Multi-Stage Thermal-Triggered VLM Framework for On-Device Eating Detection and Caloric Estimation
Published in IEEE-EMBS International Conference on Body Sensor Networks (BSN) (In Submission), 2026
Summary: We develop a resource-efficient, multi-stage sensing and inference pipeline that enables real-time eating detection and caloric estimation on edge devices under strict compute and power constraints.
Abstract
We present a multi-stage, resource-aware multimodal sensing framework for real-time eating detection and caloric estimation on embedded devices. The system introduces a thermal-triggered gating mechanism that selectively activates high-cost sensors (RGB and depth) only when candidate intake events are detected, significantly reducing energy consumption and unnecessary computation.
The gating module leverages temperature thresholding, connected-component analysis, and spatial centroid constraints to robustly identify hand-to-mouth events from low-resolution thermal data. Upon activation, a lightweight, NAS-optimized vision-language model processes RGB/depth inputs for fine-grained eating detection, while depth-based volumetric reconstruction estimates food portion size for caloric inference.
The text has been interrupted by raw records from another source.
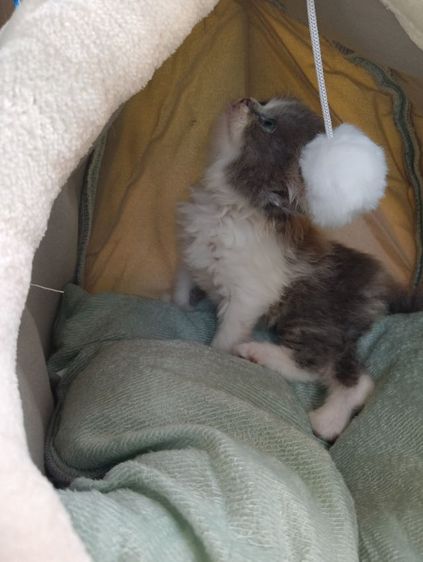 สก็อตติช เพศเมีย รูปที่ 10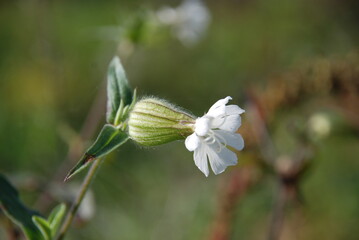 Broad-leaved Campion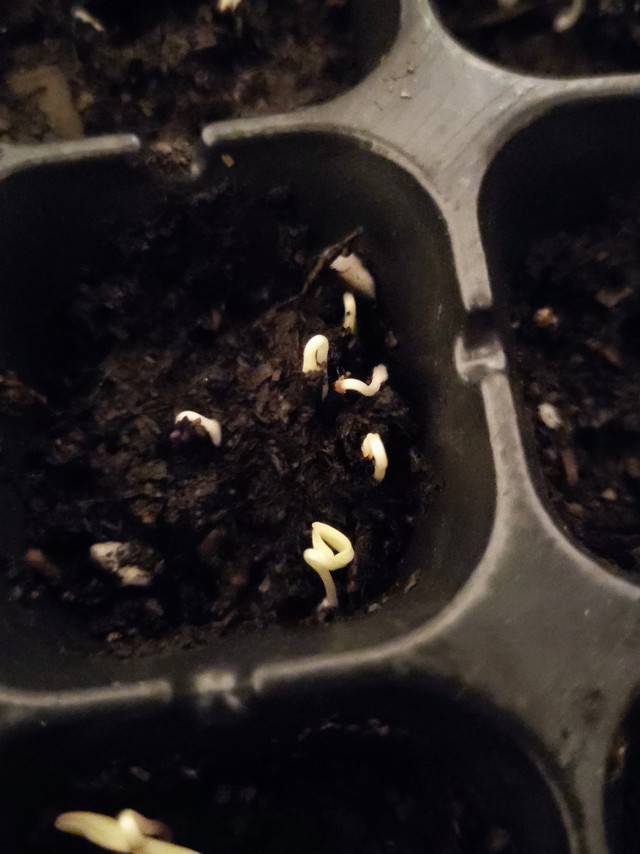 波斯菊长出了豆芽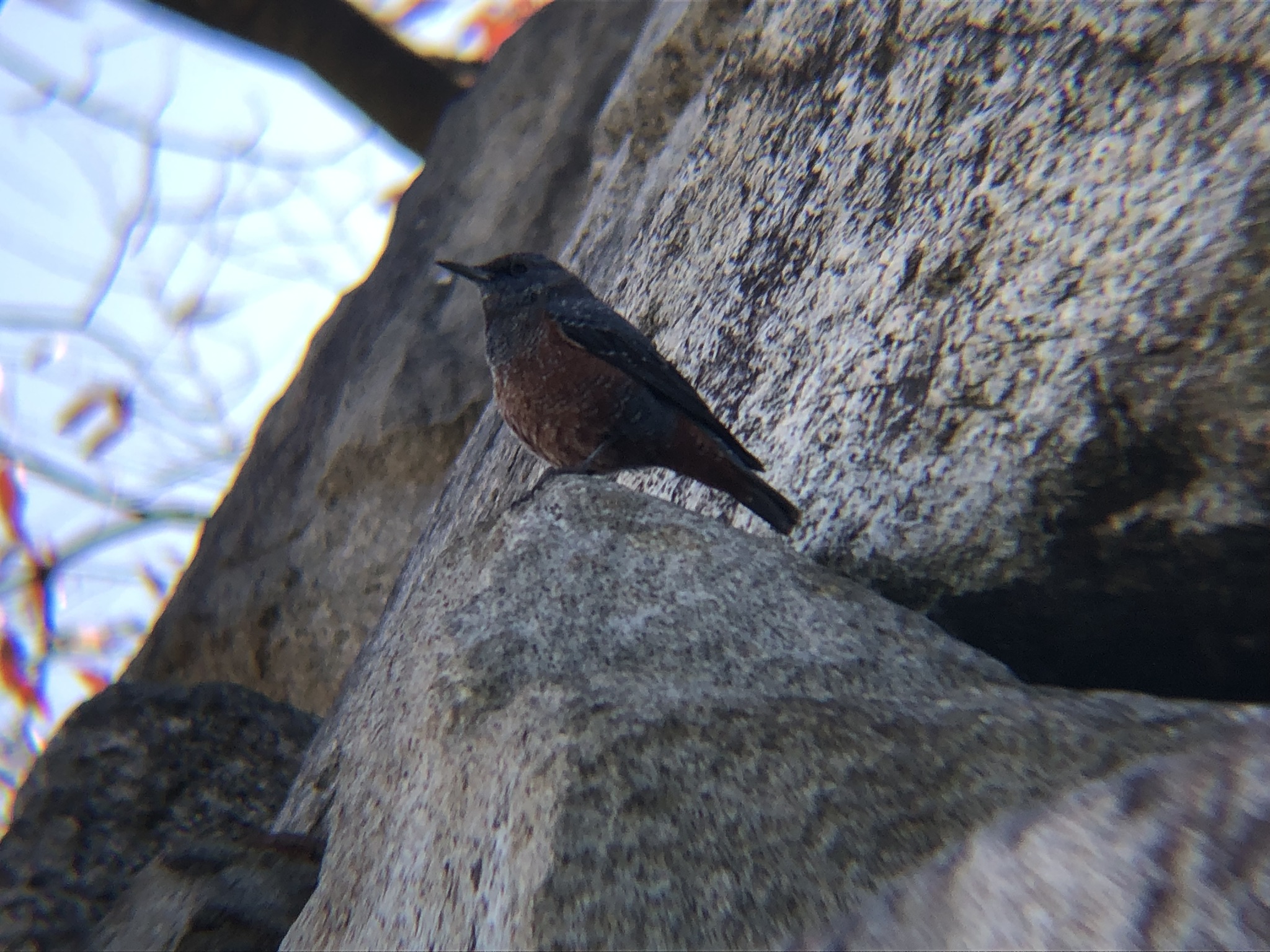 イソヒヨドリ 高松市牟礼町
We integrate thermal (MLX90640) and RGB/depth streams into a unified pipeline and deploy the system on resource-constrained edge hardware (e.g., ESP32-class devices), enabling real-time inference with adaptive sensing. Experimental results demonstrate that the proposed framework achieves accurate intake detection and caloric estimation while significantly improving efficiency through selective sensor activation.
These findings highlight the potential of combining event-driven sensing, multimodal fusion, and model optimization to enable scalable, privacy-aware, and energy-efficient health monitoring in real-world environments.